La pioggia anche durante il Monsone (va scritto sempre maiuscolo, per rispetto) si prende qualche pausa.
Il mare ha un odore aggressivo e violento che ci sorprende già uscendo dalla stanza, sbucando fra le palme da cocco che separano spiaggia e giardini.

Qui l’oceano crea una sensazione di smarrimento e non riuscire a fissare figure se non alle nostre spalle monta una specie di vuoto, dentro.
Chilometri in ogni direzione, fra il blu, davanti, ed il giallastro della sabbia sbiadito dai nuvoloni a sinistra e destra: nulla, nessuno, non una struttura balneare, non un ombrellone, niente di quello che la parola mare possa suggerire alla maggior parte di noi.

Così camminare sulla battigia ha un gusto diverso e guardando lontano si vede la foschia di salsedine mista alla sabbia scossa dal vento.

Da una folata compaiono come fossero una fata morgana due nerissimi e piccoli pescatori.
Una lenza e 4 ami alla fine della quale sono legate una vecchia maniglia di porta ed una sorta di connettore metallico uscito da un pc di vecchia generazione, a fare da peso.
Questo è il loro modo aggredire questo mare scosso e pescoso. Il metodo funziona ed al primo lancio ecco degli orribili pesci baffuti che ci dicono essere locali e buoni.
Il mare è ricco e con una manciata di sabbia lasciata scoperta dalle onde che si fanno indietro uno di loro scova una decina di piccoli granchi da usare come esca.

Un paio di km più su un pescatore, seduto, vigila i suoi piccoli pesci lasciati a seccare: una povera distesa di teste mozzate e pesci piuttosto magri delimitata da 4 paletti ai quali è intrecciato il nastro di una vecchia musicassetta e qualche cd che muovendosi e riflettendo la luce tiene lontani i corvi.

Qui, a parte che in hotel, le persone non parlano inglese e ci si sorride aggiungendo un gesto di intesa, a mano aperta, tenendo il palmo verso l’altra persona: anche le statue nei templi hindu, per benedire, assumo questa posizione ed ho capito, intuendolo, che questo gesto è riconosciuto pacifico come fosse una stratta di mano.

Onde piuttosto alte lisciano la spiaggia fin su, a pochi metri dal giardino del resort ed in acqua non c’è nessuno: qualche raggio di sole ci ha illuminato il pomeriggio e finchè il monsone non tornerà manteremo viva la speranza che il nostro bucato possa perfino asciugarsi.
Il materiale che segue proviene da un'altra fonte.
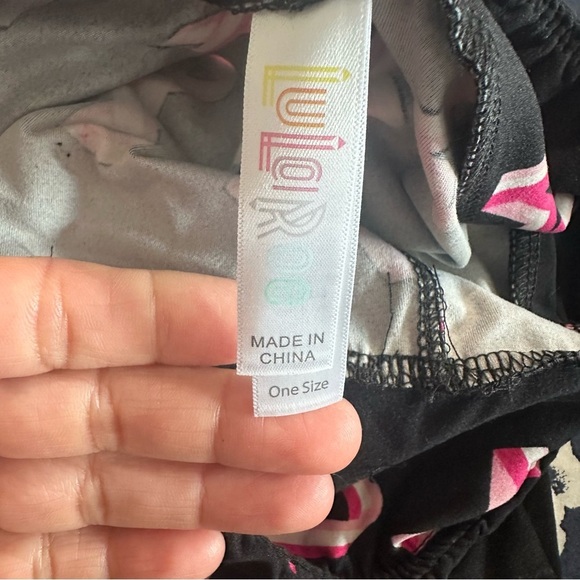 Lularoe womens OS (2-12) Breast Cancer Awareness Leggings New no tags - Picture 4 of 4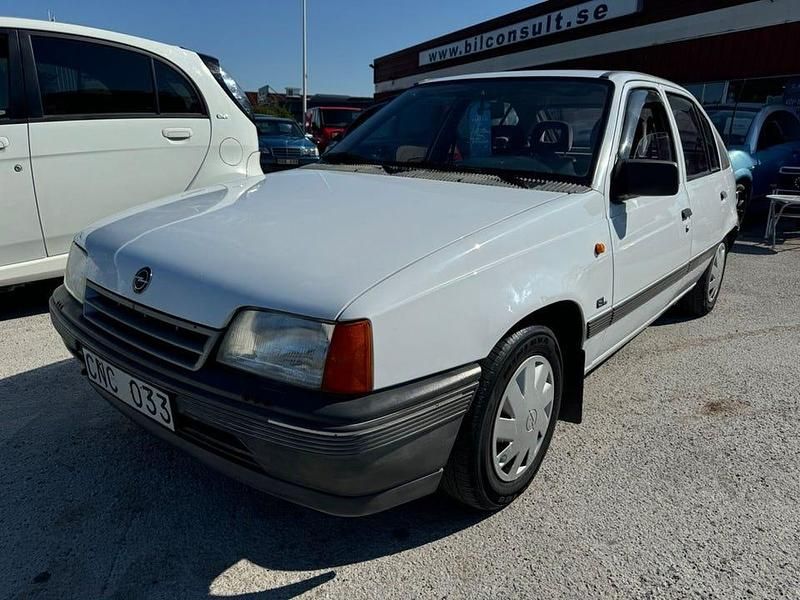 Begagnad Opel Kadett 75 HK (55 kW) 1990 Vit Halvkombi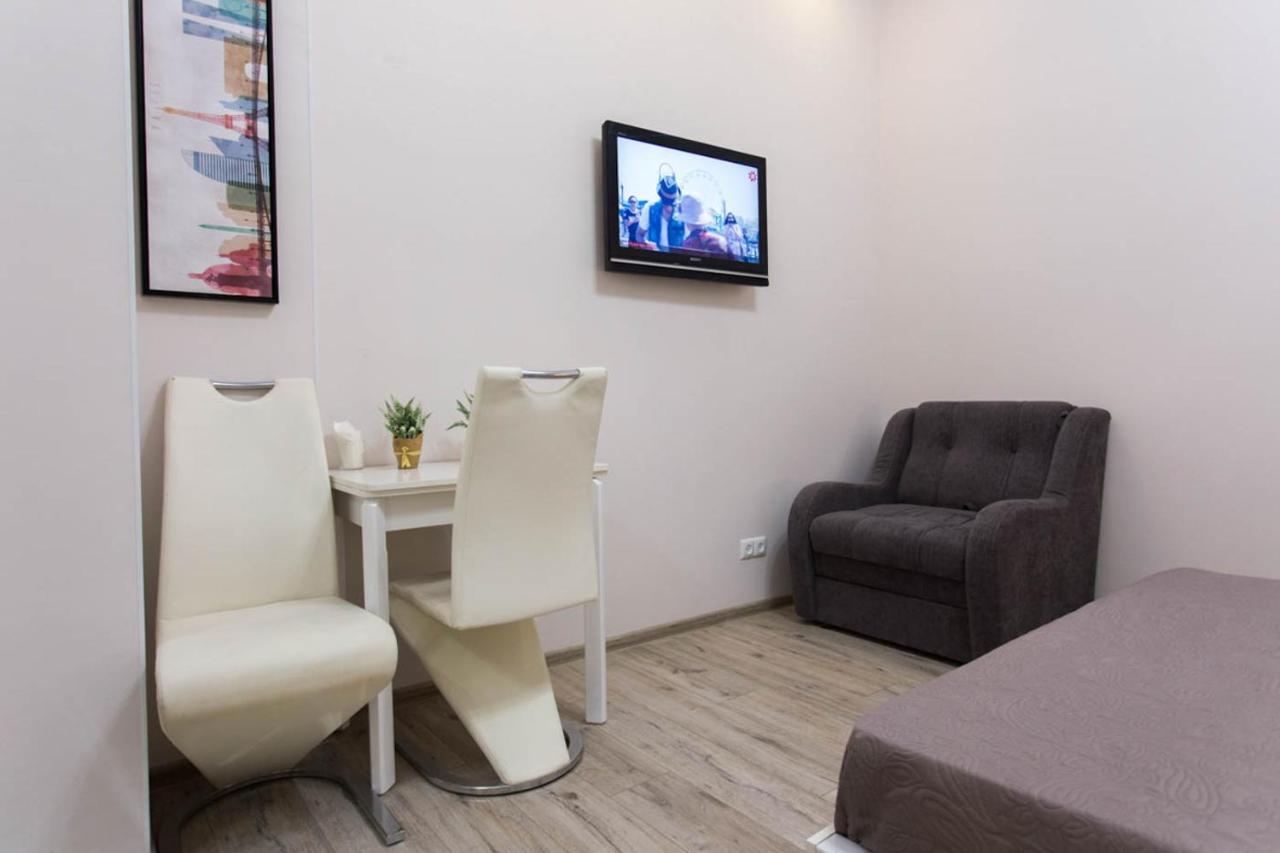 Modern Apartments In The Centre - Kuznechna Str. 26/4 Kharkiv Exterior photo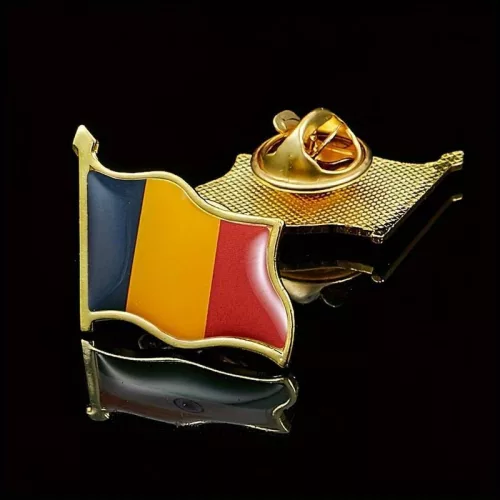 Insigna metalica "Romania", 20 x 20 mm, design steag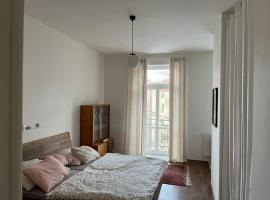 Hotel Photo: Mama's apartment in Letna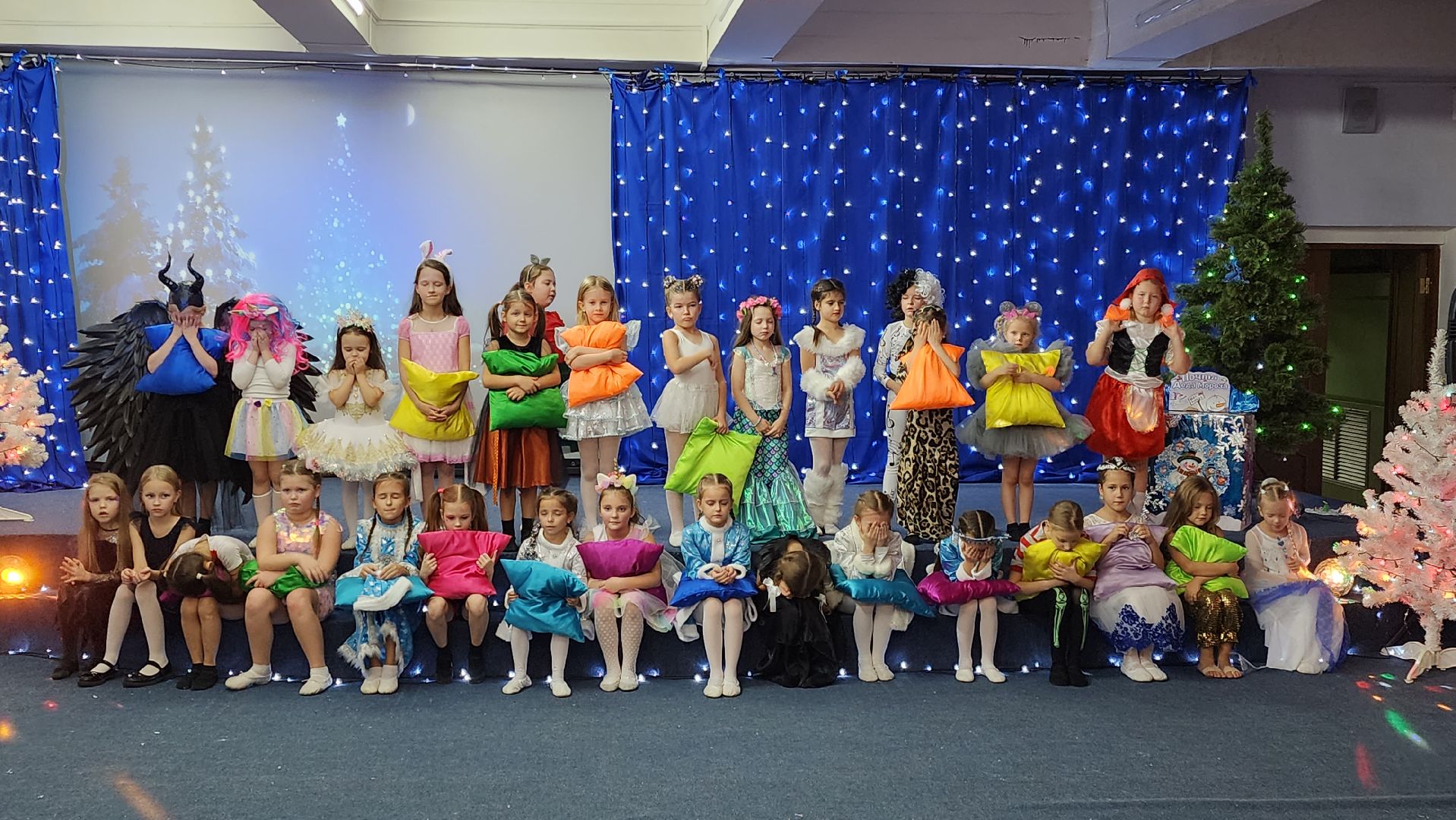 Егорьевск, ДК, Конина, Студия, Волшебница, танцы, песни, стихи, дети, Дед Мороз, Дедушка Мороз,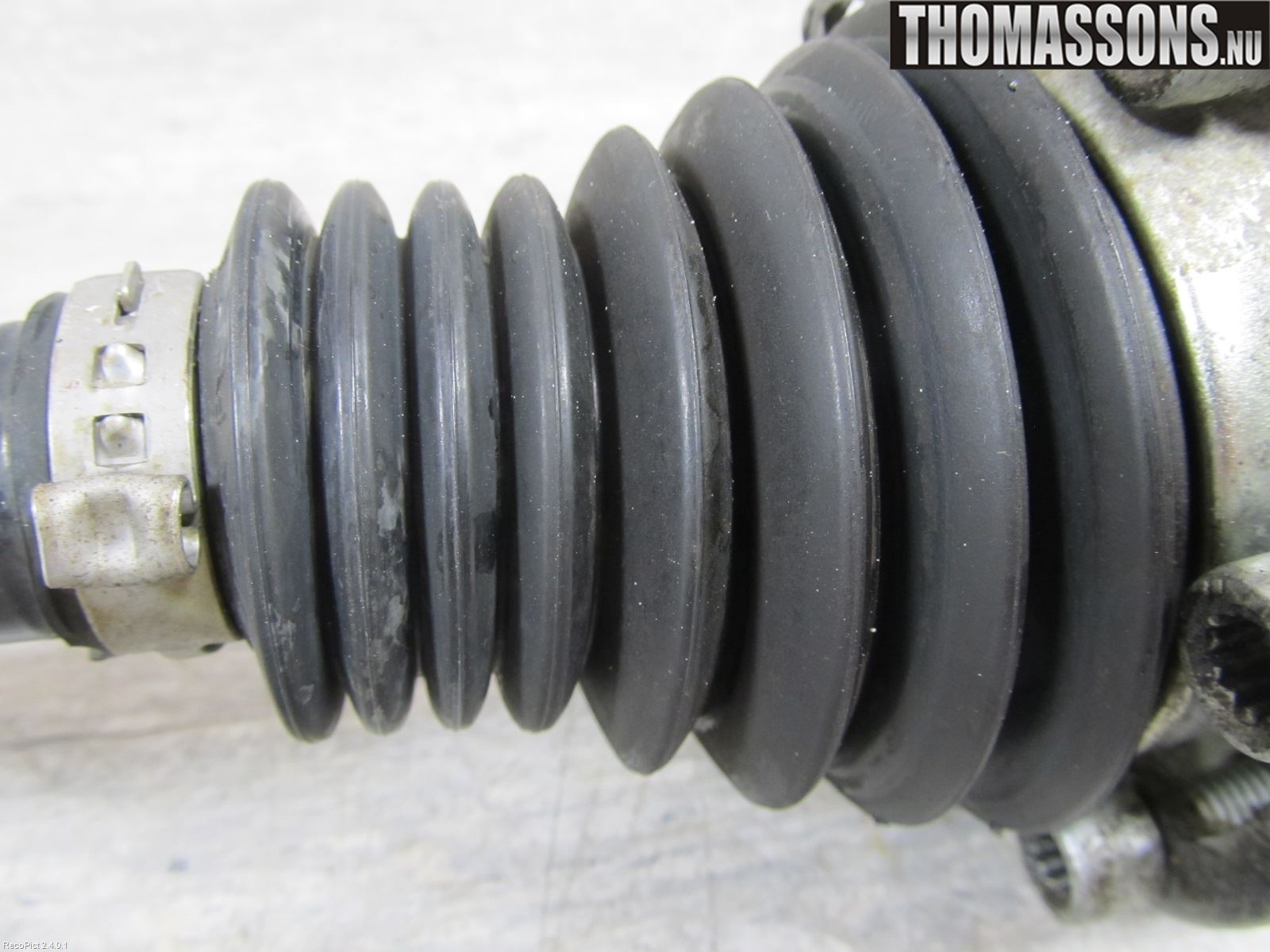 Volkswagen VW GOLF PLUS/CROSS GOLF 04-14 Drivaxel Fram Vänster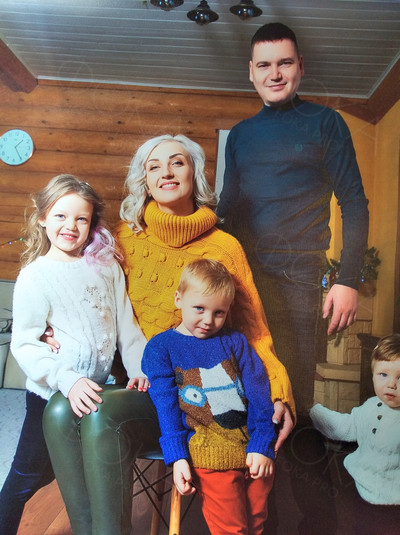 Фотокартина на холсте с подрамником 50х70см «Семья» — фото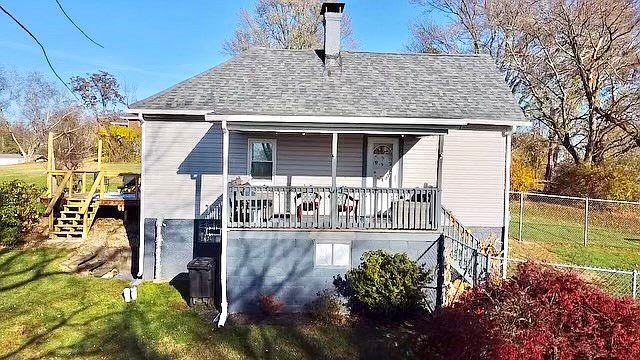 1st image of 111 Falcon Ln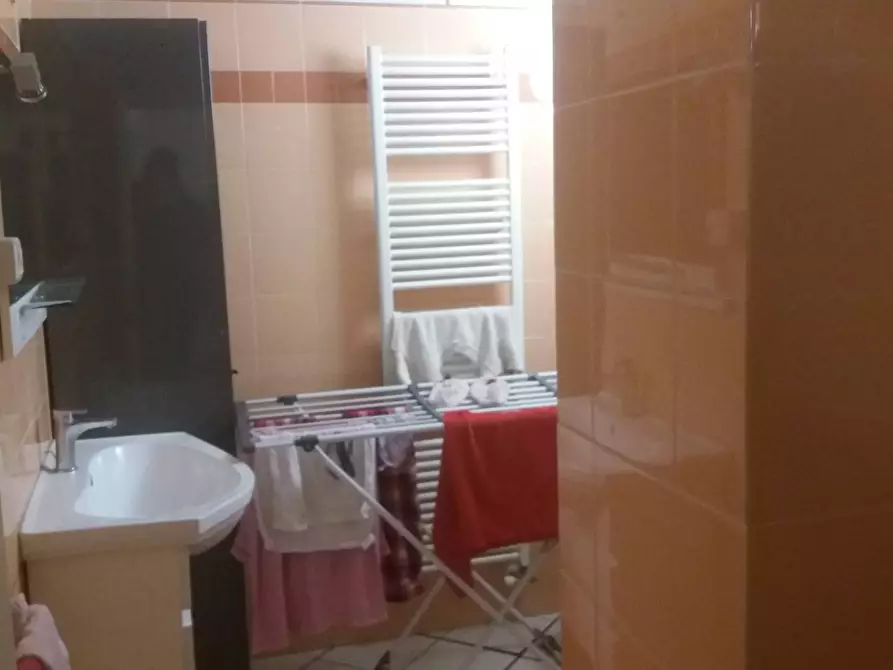 Immagine 14 di Appartamento in vendita  in viale Regina Margherita a Viareggio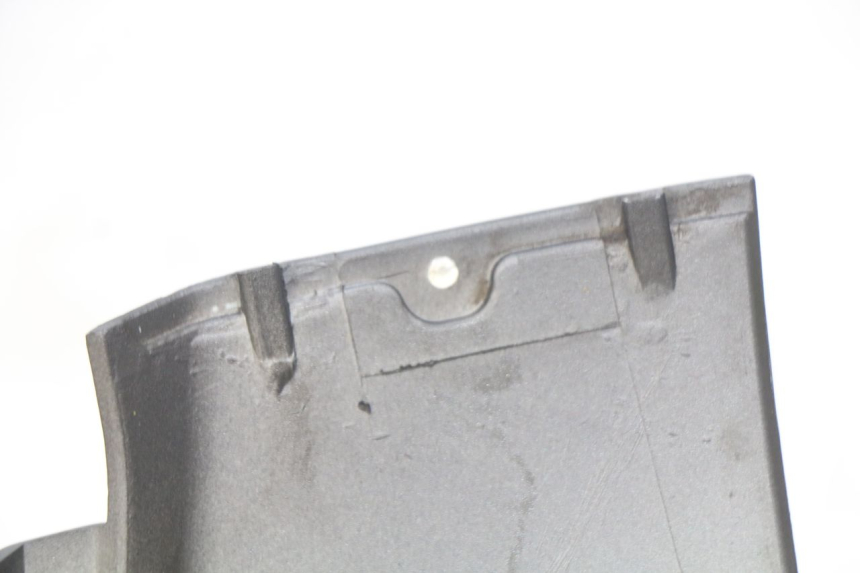 photo de LATERAL TRASEIRO ESQUERDO PEUGEOT KISBEE 2T 50 (2010 - 2017) - Detalhe da peça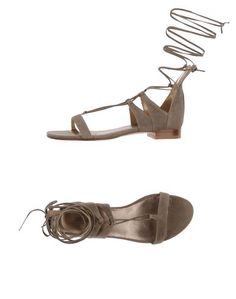 Сандалии Stuart Weitzman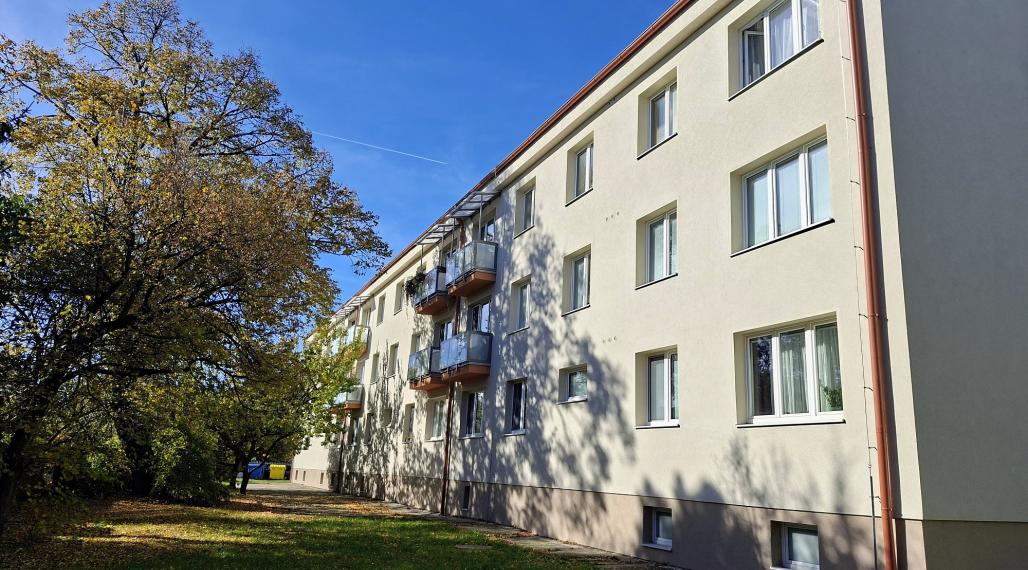 PRÍJEMNÝ 2-IZB.BYT, TEHLOVÝ DOM, NEPRECHODNÉ IZBY, KÚPOU VOĽNÝ, HANÁCKA UL.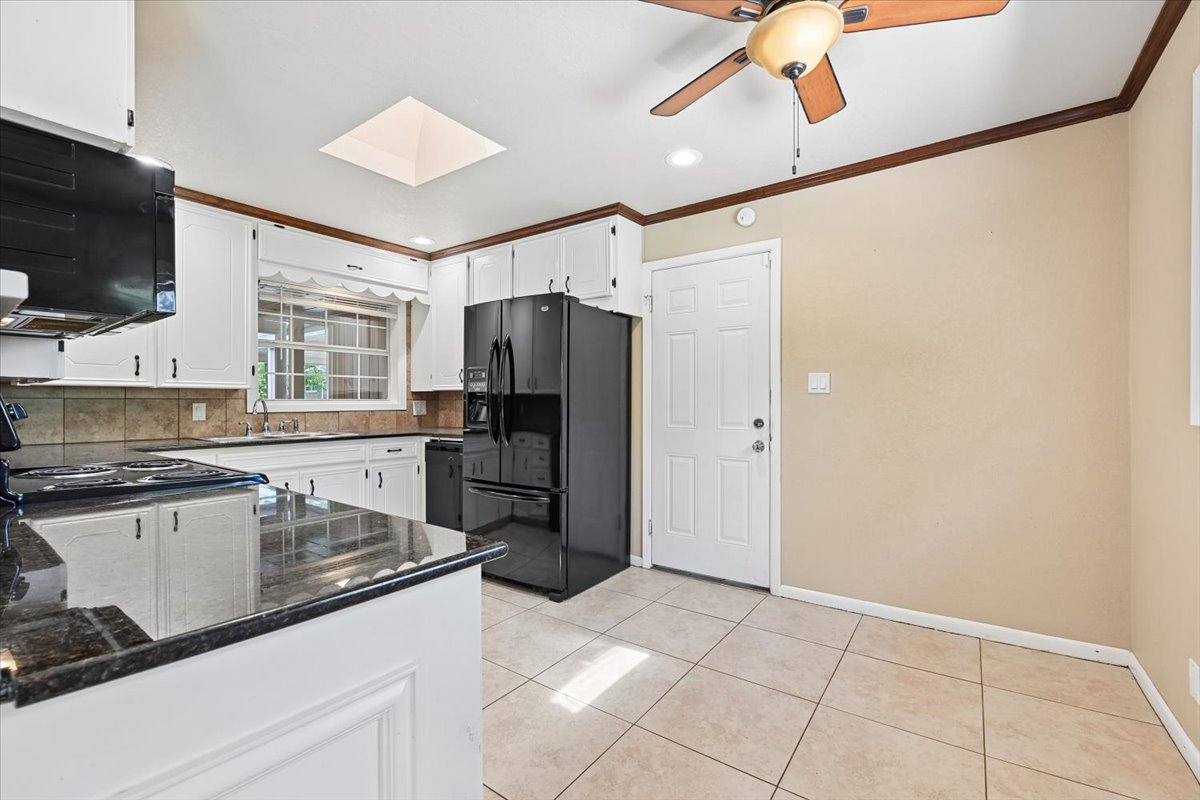 1367 E 46th Street Property Photo 17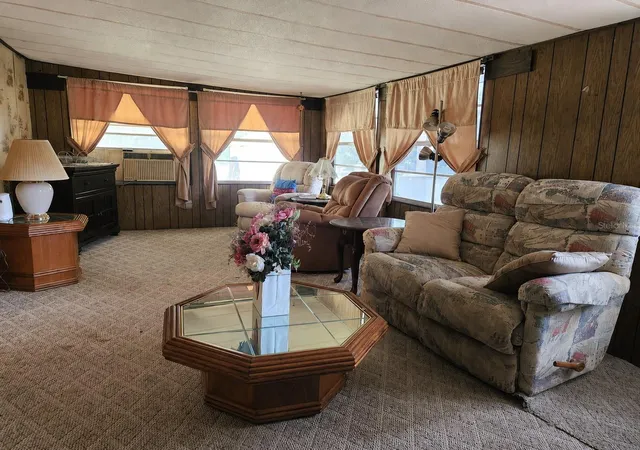 Photo 3 of Manufactured home for sale at 9997 Se 167th Lane, Summerfield, FL 34491 | MLS# OM730205 | Listing updated on 2026-10-03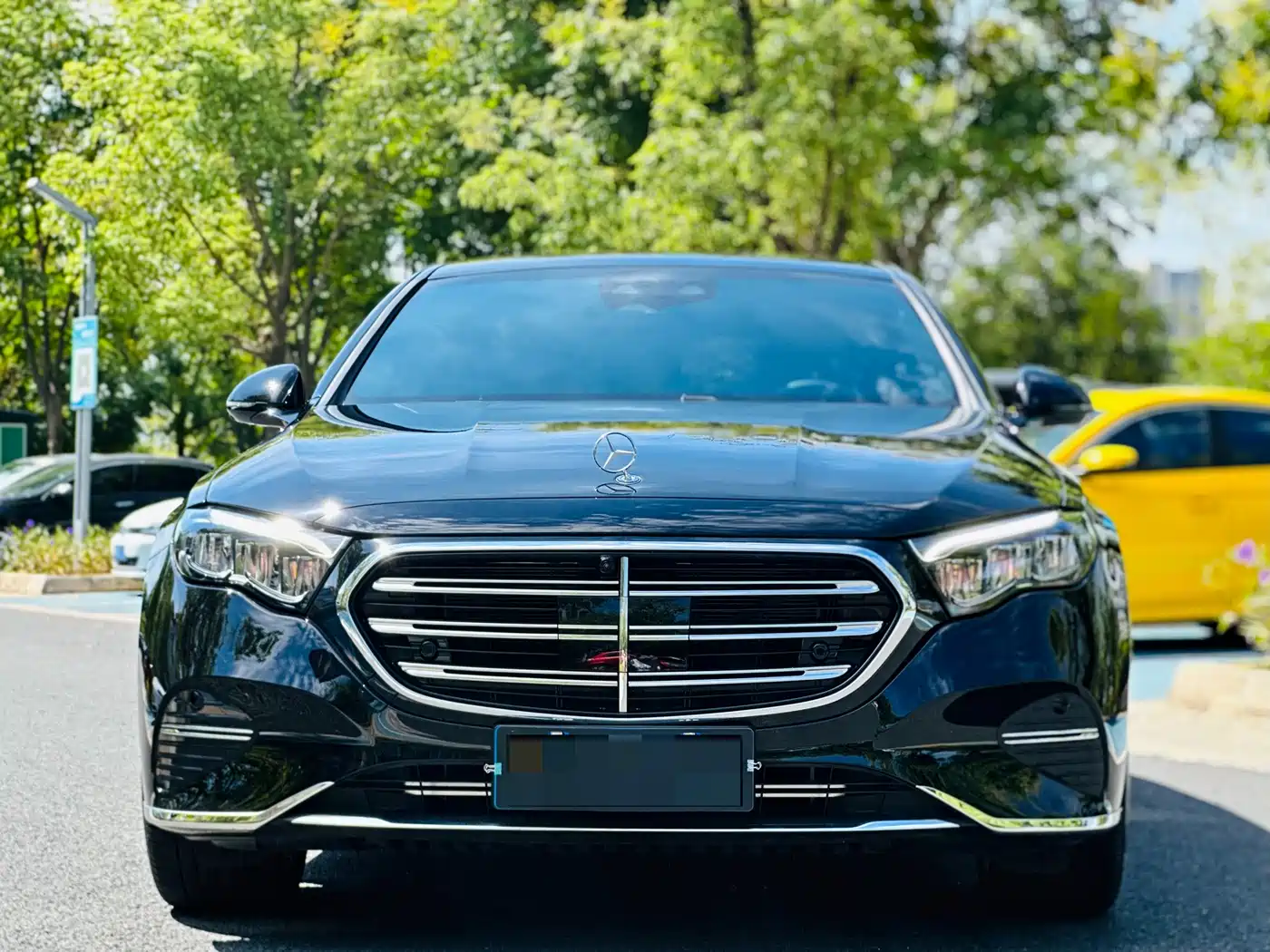 Mercedes-Benz E-Class 2024 Model E 300 L Luxury фото 2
L’agitazione del panorama così vuoto eppure attraente, il rumore delle onde che da sotto il portico ci tengono attenti fumando sigarette mentre due grossi pipistrelli ci osservano appesi alla palma difronte: nei giorni più vuoti spesi a riordinare, nelle ore a tratti noiose, in quei minuti spesi in camera a progettare altre tappe ho riconosciuto un succo di sensazioni salvifiche e genuine, una felicità così sciocca e vuota per molti da non poter entrare in queste pagine: almeno io, no, non so scriverla ne spiegarla.